Recently, she decided to get back to the music style she loves through her new act, Li'l Miss So & So. "It's my invention of playing old-timey tunes and writing. It allows my voice to be who I really am through storytelling," she says.
During our interview, Gordon sang "My Time to Ride," a song about getting away from domestic violence, and her voice had an antique, rustic quality.
Gordon grew up in Brandon and graduated from Northwest Rankin High School. At 21, she received a nursing degree from the University of Mississippi. Gordon then took a nursing job in Asheville, N.C., a city she describes as a mecca of old-time music.
A couple of years later, she moved to Austin, Texas, and over the years, she worked in Virginia Beach, Va., and Annapolis, Md., helping to deliver babies and caring for new mothers.
"Wherever you go, you can always find a group of people who play old-time music," she says.

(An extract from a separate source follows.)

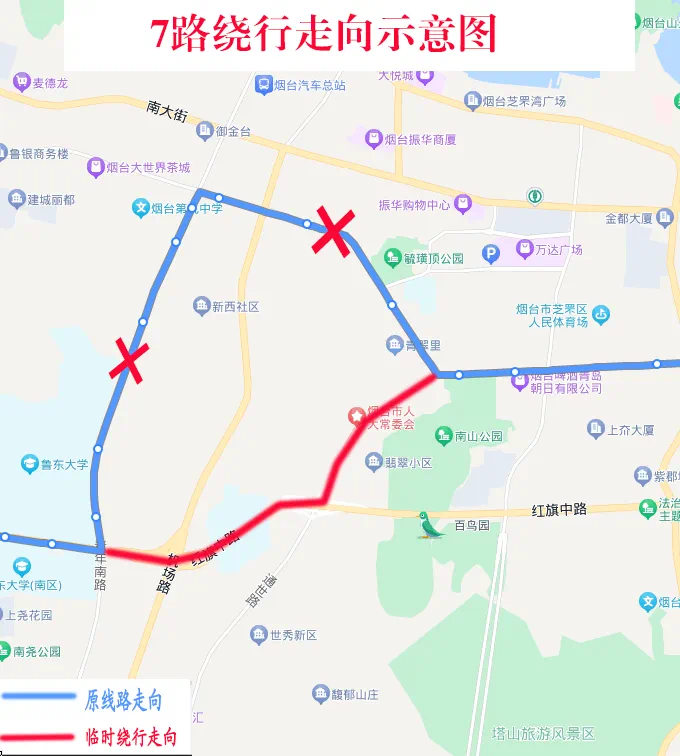 烟台一路车公交路线图图片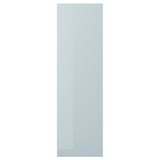 Light blue high-gloss rectangular cabinet door with sleek, straight lines. Modern minimalist kitchen design, made from recycled materials.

Gordon refers to herself as a traditionalist. She favors a lifestyle full of jarred tomatoes and homemade pickles over modern, contemporary life.
"I would live in the 1930s because it was a time when people worked hard for what they had and got their pay," she says. "I think it's so simple and beautiful. ... I like to knit; I like making quilts; I like to can my own tomatoes and make my own pickles. I just really feel like these are things that are just lost in our generation and our culture—we're just, like a quick fix. I draw strength and energy in an old-timey way.
"This is me in my style of poetry and storytelling and writing and playing old-timey tunes."
Catch Li'l Miss So & So at 6 p.m. Oct. 6 during Fondren After 5 on the porch at Sneaky Beans.